Tumor heterogeneity can be assessed by texture analysis (TA). TA has been applied using diffusion-weighted imaging and apparent diffusion coefficient maps to predict pathological responses to preoperative chemoradiation therapy (CRT) in patients with locally advanced rectal cancer (LARC). To evaluate the texture parameters obtained from K trans maps derived from dynamic contrast-enhanced (DCE)-MRI for predicting pathological responses to preoperative CRT for LARCs. Retrospective. Altogether, 83 patients (26 women, 57 men) with rectal cancer met the inclusion criteria. 3.0T/T1 -weighted DCE-MRI sequence.
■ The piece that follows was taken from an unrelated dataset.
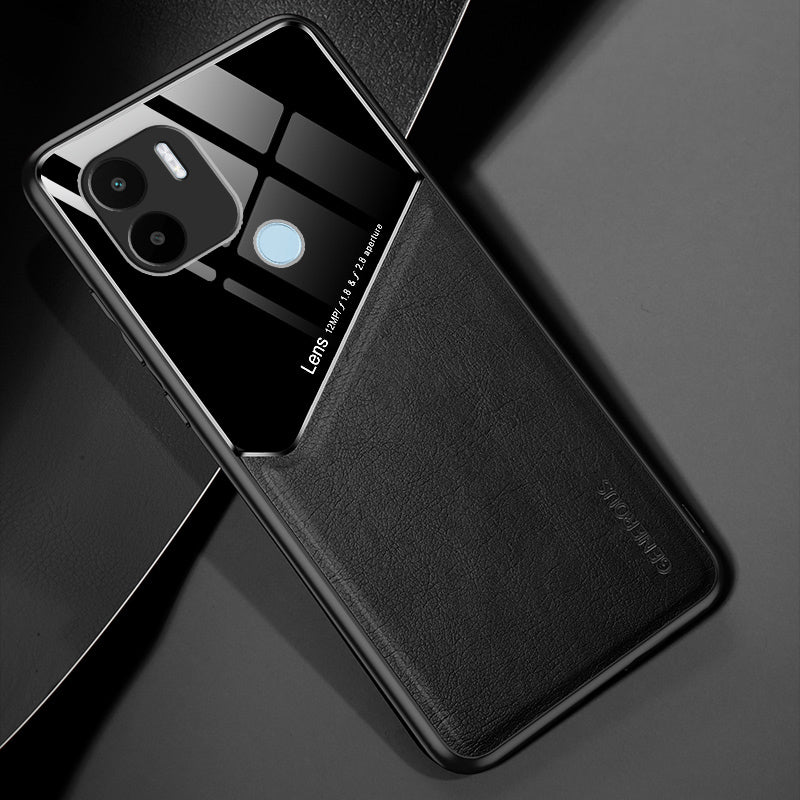 For Xiaomi Redmi A1+ 4G / A2+ 4G / Poco C50 4G Leather Coated TPU+PC Case Magnetic Car Mount Phone Cover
After CRT, each tumor was assessed by a pathologist who assigned a tumor regression grade (TRG), thereby identifying pathologically complete responders (pCR; TRG 1) and good responders (GR; TRG1 + TRG2). TA was then applied to the DCE-MRI K trans maps. The K trans value, several TA parameters, and tumor volumes were calculated. The Shapiro-Wilk test was used to verify that the data had normal distribution. Results of parameters measured before and after CRT were compared using paired-sample t-tests. Value changes of each parameter in the combined pCR/GR group were compared using independent sample t-tests. Receiver operating characteristic curves and areas under the curve (AUC) were calculated to assess the diagnostic performance of each parameter related to CRT effectiveness. There were 15 pCR (16.9%) and 21 GR (25.3%) patients. Tumor volume, mean K trans , entropy, and correlation decreased and energy values increased significantly in these groups compared with those of the non-PCR and non-GR groups. ΔCorrelation (Δcorrelation = postcorrelation - precorrelation) was found to be a valuable parameter for identifying pCR/GR patients (AUC 0.895, sensitivity 86.7%, specificity 81.8%). TA parameters from the DCE-MRI K trans map can predict the efficacy of CRT for treating LARCs. Also, Δcorrelation may be useful for identifying patients who will be responsive to CRT. 4 Technical Efficacy: Stage 3 J. Magn. Reson. Imaging 2019;49:885-893.